JOHNSON, JAVON. An actor and playwright, Johnson is a multitalented young man from Pittsburgh, PA. He is widely regarded as a protégé of the late August Wilson, who befriended him at the Edward Albee Theatre Conference held in Valdez, AK, in 1998. As an actor, Johnson has also performed in several of Wilson’s plays. A native of Anderson, SC, Johnson holds a B.A. from South Carolina State University and an M.F.A. in Theatre Arts from the University of Pittsburgh (1999).

Johnson had already begun writing plays in college, winning the Lorraine Hansberry Award for the first play he wrote, Papa’s Blues (1998). The next year (1999), he won the coveted Theodore Ward Award for best play for Hambone. Johnson’s plays include The Spanish Jade, Breathe, Runaway Home, The House That Jack Built, A Noose for Bettyanne, Cryin’ Shame, Eighty Six, Things That Lovers Do—with George Faison, The Pawn, Sanctified, Hobo King, and Homebound. As an actor, he has appeared in Fences, Measure for Measure, Pericles, and Macbeth, as well as in several films. He is a founding member of the Chicago-based Congo Square Theatre Company and functions as its literary manager. In a relatively short period, Johnson has earned several prestigious awards. They include best one-act play at the American College Theatre Festival competition (1996), Kennedy Center fellowship for the Eugene O’Neill Playwright Conference (1998), Yukon/Pacific New Play Award (1998), Pittsburgh Playwright Award (1999), and the Sundance Theatre Lab (2000).

JOHNSON, OKORO HAROLD. Johnson, a veteran director, actor, and administrator, has worked in the Chicago area for years to help improve the cultural life of the citizenry. He was born in Chicago in 1925, eventually earning a B.A. in theater from Roosevelt University and an M.A. from Governors State University.
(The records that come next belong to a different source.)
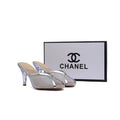 Chanel Crystal Embellished Open Toe Heels With Rhinestones And Clear 898-5 Silver - 4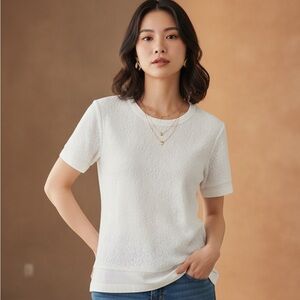 Comme des Garcons Women’s White Lace T Shirt Short Sleeve Medium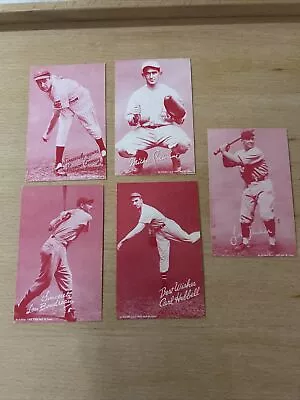 Rare Red Exhibit Cards 1980 HOF - 5 Card Lot - Mickey Cochrane Gomez & More! • $24.33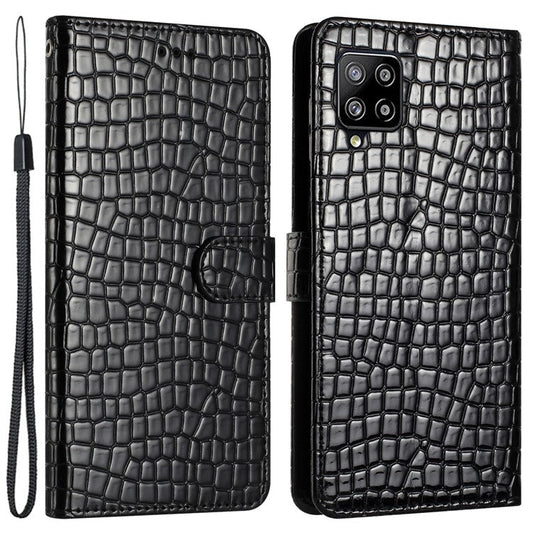 For Samsung Galaxy M32 (Global Version) 4G PU Leather Phone Stand Cover Wallet Crocodile Texture Anti-fall Case with Strap - Black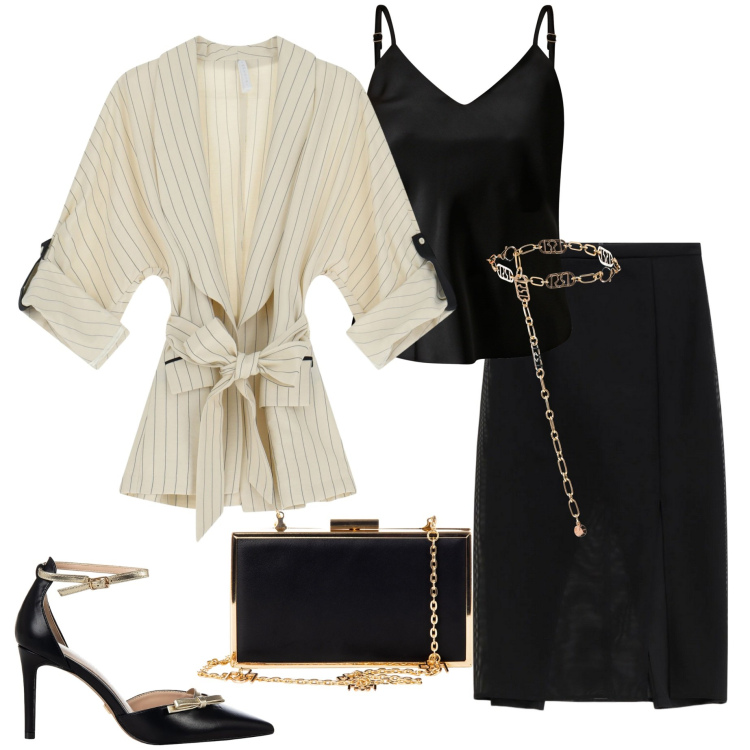 Outfit donna - Serata elegante. Stile Chic per Serata fuori. Abbinamento con top, décolleté, pochette, cinture, blazer, gonne.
Johnson holds the distinct honor of cofounding the eta Creative Arts Foundation with Jackie Taylor in 1969. He functioned as the artistic director of eta for the next 17 years. Johnson also served as director of the South Shore Cultural Center in Chicago and has taught at the collegiate level. Johnson has directed such shows as A Candle in the Wind, A Change Is Gon’ Come, Purlie Victorious, Fats Waller: His Life and Times, and Jazz Set. The plays he has written include The Regal Theatre, SCLC: Second Coming, Last Chance, Strange Fruit, and Kintu and the Law of Love. He has also appeared in the film versions of A Raisin in the Sun, The Wedding, and The Spook Who Sat by the Door. Johnson is a recipient of the Paul Robeson Award.
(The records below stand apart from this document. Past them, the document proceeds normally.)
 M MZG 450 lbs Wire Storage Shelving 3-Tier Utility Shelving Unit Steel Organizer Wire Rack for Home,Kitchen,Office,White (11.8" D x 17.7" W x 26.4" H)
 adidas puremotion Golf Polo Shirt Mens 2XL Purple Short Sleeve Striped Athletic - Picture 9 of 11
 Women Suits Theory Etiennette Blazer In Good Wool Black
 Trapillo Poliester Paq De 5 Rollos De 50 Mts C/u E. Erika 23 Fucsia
JOMANDI PRODUCTIONS. Based in Atlanta, GA, Jomandi is one of the oldest black theaters in the country. It was cofounded in 1978 by Thomas W. Jones II and Marsha Jackson Randolph. The production company evolved from a play Jones wrote as a tribute to his father that became its initial production. Jomandi eventually incorporated as a nonprofit 501(c)3, producing theater for the eclectic city of Atlanta. It has developed into one of the leading theaters in the country in producing cutting-edge new work and providing a forum for a new generation of black writers. Jones, an actor and playwright of increasing renown, led the company for 22 years in producing over 100 productions, including the premiering of over 50 new plays. Jomandi has toured in over 40 states and five countries. Among the plays they have presented are If God Was a Blues Singer; Josephine Live; Zooman and the Sign; Buddy Bolden’s Blues; Do Lord Remember Me; That Serious He-Man Ball; Boesman and Lena; The Black Play; Every Now and Then I Get the Feeling; The Wizard of Hip; House of Cold Funk; Harlem Nutcracker; Trick the Devil; And the Men Shall Also Gather; Black Nativity; Hip 2: Birth of the Boom; and Welcome Home, Marian Anderson.
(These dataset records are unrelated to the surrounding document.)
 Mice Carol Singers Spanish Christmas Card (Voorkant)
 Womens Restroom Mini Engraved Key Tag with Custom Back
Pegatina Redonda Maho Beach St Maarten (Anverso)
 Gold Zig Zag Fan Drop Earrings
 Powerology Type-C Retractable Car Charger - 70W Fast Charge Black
The theater has garnered much acclaim and many awards over the years, including the 1990 Governor’s Award for the arts, the Bronze Jubilee Award, the Back Stage Dramalogue Award, an Audience Development Committee Award, and eight Helen Hayes Awards. The theater, however, went through a transitional phase. Jones left the company in 2000 in pursuance of other interests. Jackson Randolph also left soon thereafter. In 2002, though, it moved into their first permanent space, a 99-seat black box theater located at City Hall East. Since then, the theater has initiated a theatrical training program called JADA, the Jomandi Academy of the Dramatic Arts. The program is being run under the direction of Carol Mitchell-Leon, head of the Theatre Arts Program at Clark Atlanta University.

JONES, DANIEL ALEXANDER. Jones is an interdisciplinary performance artist. This form of theater took root in the late 1980s, flourished in the 1990s, and is now recognized as a theatrical art form, albeit not without detractors. Jones works from a large canvas, incorporating visual art, poetry, live music, tape recordings, slideshows, and other elements designed to clarify the message of the event, though the message can be interpreted several ways.

A native of Springfield, MA, Jones received a B.A. in African studies from Vassar College (1991) and earned an M.A. in theater from Brown University (1993). His works have been performed in Seattle; New York City; Boston; Atlanta, GA; Dublin, Ireland; London; and a host of other cities. He has worked in collaboration with many of the leading performance artists in the world, including Robbie McCauley, Erik Hen, Carl Hancock Rux, and Helga Davis, among others. Two of his more popular performances were Bel Canto, a drama set in New England in which opera and jazz intermix. It is a story of a shy, young man abandoned by his father. The other piece, Blood: Shock: Boogie, is the story of a young man discovering his homosexuality and the fantasy world he inhabits to counteract societal pressures. Other “plays” Jones wrote are Earthbirths: The Blackbird Cipher, a jazz play; Ambient Love Rights; Black Barbie in the Hotel de Dream; Whale; Phoenix Fabrik; Clayangels; and La Chanteuse Nubienne.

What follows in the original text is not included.